Famous last words thread?
Gib context if it's important
Irish general Patrick Sarsfield bemoaned the pointlessness of his having fought wars for the benefit of France and England. As he lay dying, he said
>Oh, if only this were for Ireland.
>>41480
Sounds like a mental eijit to me
"Don't worry, we've got this"
>unknown
>>41480
Marshal Michel Ney, to his firing squad (he had refused the blindfold).
>"Soldiers, when I give the command to fire, fire straight at my heart. Wait for the order. It will be my last to you. I protest against my condemnation.
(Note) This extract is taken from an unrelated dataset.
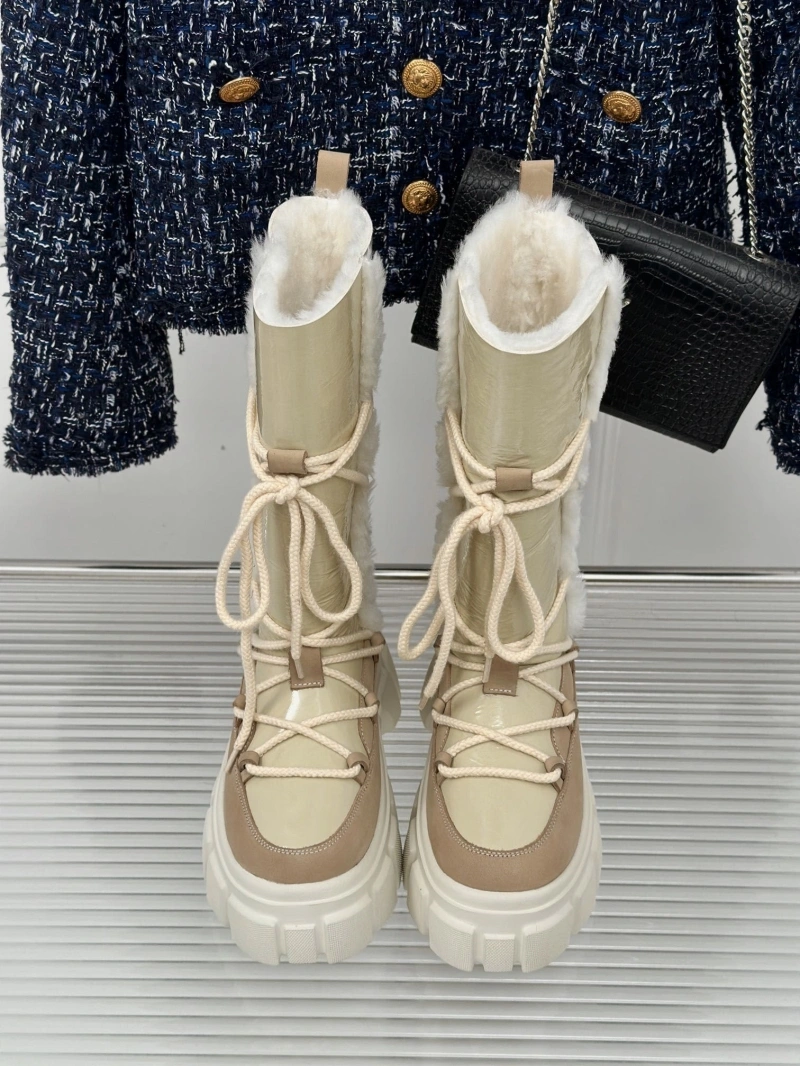 Trendy Othxr Boots 215270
I have fought a hundred battles for France, and not one against her ... Soldiers, fire!"
Obligatory.
>"See how they run." one of the officers exclaimed, as the French fled in confusion before the leveled bayonets.
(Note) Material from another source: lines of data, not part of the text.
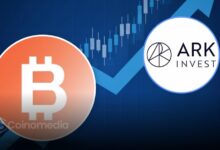 Bitcoin institutional asset growth reflecting rising institutional adoption and market maturity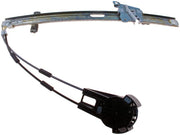 Window Regulator Dorman-OE Solutions 749-133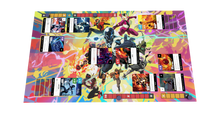 Load image into Gallery viewer, [Preorder] The Massive-Verse Fighting Card Game Official Playmat
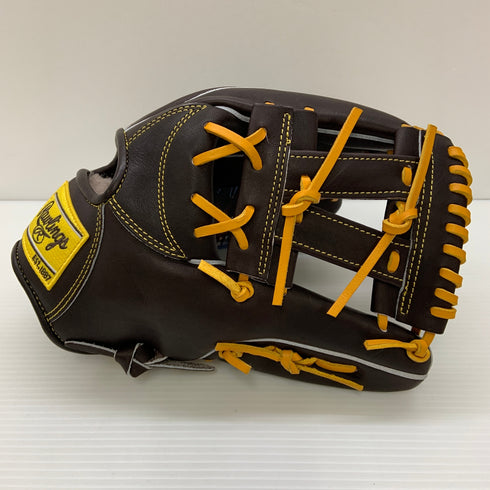 ローリングス Rawlings プロプリファード 硬式 大人 一般 内野手用 グローブ グラブ 右投げ GH4PRNP6FS タグ付き 野球 6848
>"Who run?" demanded Wolfe, opening his eyes like a man aroused from sleep.
>"The enemy, sir," was the reply; "they give way everywhere."
>"Then," said the dying general, "tell Colonel River, to cut off their retreat from the bridge. Now, God be praised, I die contented," he murmured; and, turning on his side, he calmly breathed his last breath.
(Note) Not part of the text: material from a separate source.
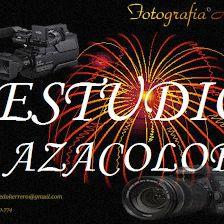 Fotografia & Video Azacolor Studio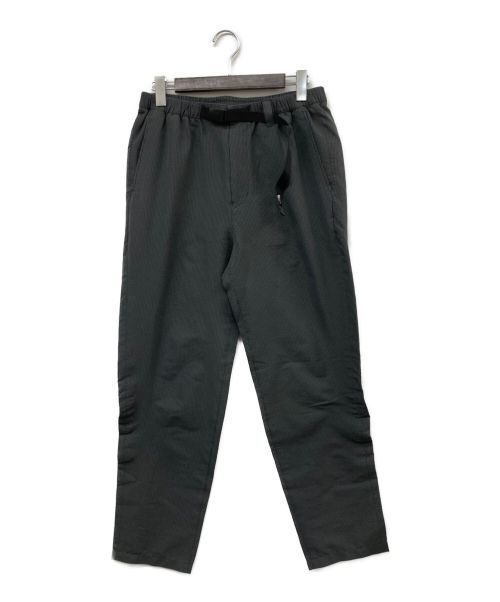 THE NORTH FACE（ザ ノース フェイス）THE NORTH FACE (ザ ノース フェイス) Coyote Seersucker Slacks グレー サイズ:Lの古着・服飾アイテム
Who was that civil war general who was shot just moments after saying they couldn't hit a thing?
>>41697
https://en.wikipedia.org/wiki/John_Sedgwick
>"Now, now, my good man, this is no time for making enemies."
Voltaire on his deathbed when asked to renounce Satan.
>The city has fallen, but I am still alive.
;__;7
>>41658
Everything about the painting is wrong.
>He died in the midst of the enemy, attended by Pescara, the Spanish commander, and by his old comrade, Charles, duc de Bourbon, who was now fighting on the opposite side. Charles is reported to have said "Ah! Monsieur de Bayard... I am very sad to see you in this state; you who were such a virtuous knight!" Bayard answered,
>"Sir, there is no need to pity me. I die as a man of honour ought, doing my duty; but I pity you, because you are fighting against your king, your country, and your oath."
>>42249
>Bayard
My nigga, that guy was a grade A badass.
>>41638
>implying Marshal Ney didn't escape to North Carolina and live out his days as a school teacher
Also Marshal Murat
>"Soldiers! Do your duty! Straight to the heart but spare the face. Fire!"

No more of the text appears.